Working out your financial futures requires a sound estimate of what you will need and detailed reckoning of what your income and assets are or could be.  With this information in front of you, you can then look together at possible options and choose the solutions that will best suit all the members of your family.

The mediator helps you to do this by using three forms, which enable you to gather the financial information needed for the mediation process.

A. Your income – worked out on a monthly basis

This section requests all details of your current income, in all respects, and from whatever source, as well as tax, pension, and National Insurance deductions, worked out on a monthly basis. Bear in mind that some benefits are paid weekly, or in combinations of weeks; we need to convert everything to calendar months.
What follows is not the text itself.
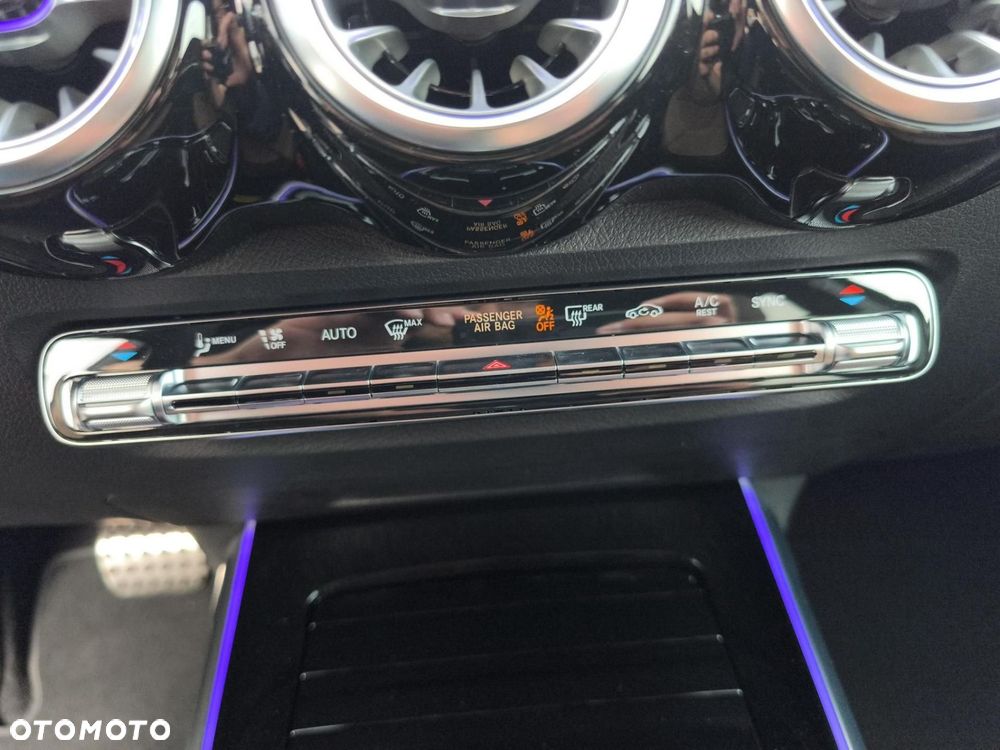 Mercedes-Benz GLB - 19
B. Your estimated future expenditure – also averaged by month.

This is a checklist of the things families normally spend money on and is included to help you work out your future expenses; it is very detailed, and is a useful guide to calculating future needs. Your calculations may not turn out to be accurate, since they are only a forecast. This form is likely to be reviewed and updated during the mediation.  Even if you end up remaining in your current accommodation, costs may change significantly over the months.

C. Your assets and liabilities

This is the longest form and requests details of all your assets, of any sort, including items of value and pension assets.  It will also require you to insert details of any liabilities, including overdrawn accounts, taxes due, utility bill debts or unpaid credit card balances. If you are in the habit of paying your credit cards in full every month, they do not have to be disclosed as liabilities. Please note that you will also have to disclose assets held abroad, or jointly with other parties who are not your civil partner or spouse.
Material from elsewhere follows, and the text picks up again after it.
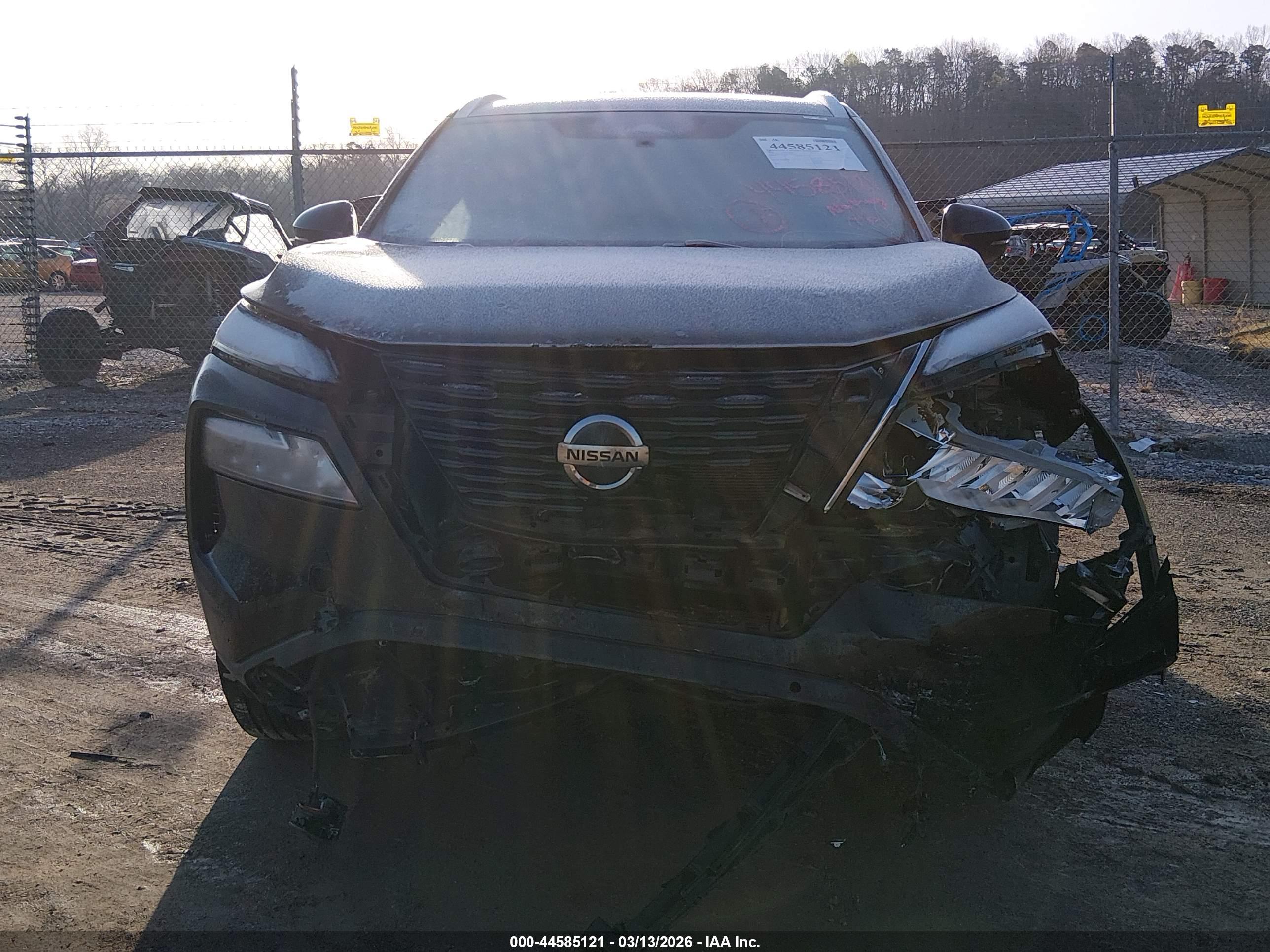 NISSAN ROGUE image 6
Your mediator will advise you, at your Mediation Information and Assessment Meeting, when and by what means you need to supply your forms, when filled in.
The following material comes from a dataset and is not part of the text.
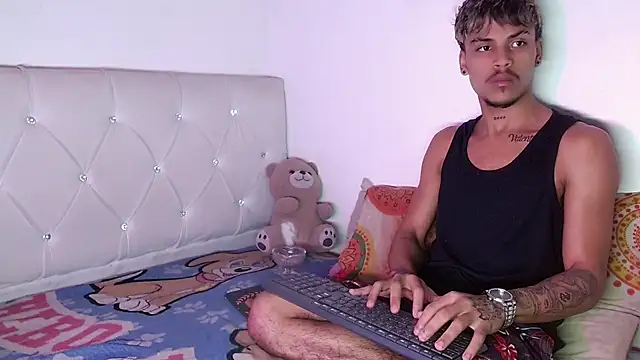 XXX chat uživo modela Angel_foxc13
N.B. Details of your Income, Assets, Pensions and Liabilities are regarded as open information and may be used by each of you in court.

The mediator helps you find ways together of bridging the gap between what you think you will have and what you think you will need.  That is the essence of using mediation to settle finance and property issues.

How to complete the forms

  • You must each fill in a separate form in your own right.
  • As far as possible round up or down to the nearest pound
  • At the end of the pack is a list of the documents you will need to produce to support the statements you make about income, assets and liabilities. 
  • It is useful to exchange your financial documentation (i.e. completed financial forms and supporting documents) early in the mediation process so that numbers can be validated with you together. You are also both entitled to see the other person’s financial disclosure and discuss it with your solicitor, should you wish to do so.
  • If mediation is in person, you should bring the completed forms and the supporting documents, together with two extra copies of all the paperwork, with you to the first mediation session. One copy will be given to the other person and one copy to the Mediator.
  • If you are mediating remotely, your Mediator will discuss the arrangements for exchanging financial disclosure with you.
  • The supporting financial documents are attached to your Open Financial Statement (OFS), as your solicitors may want to review these documents.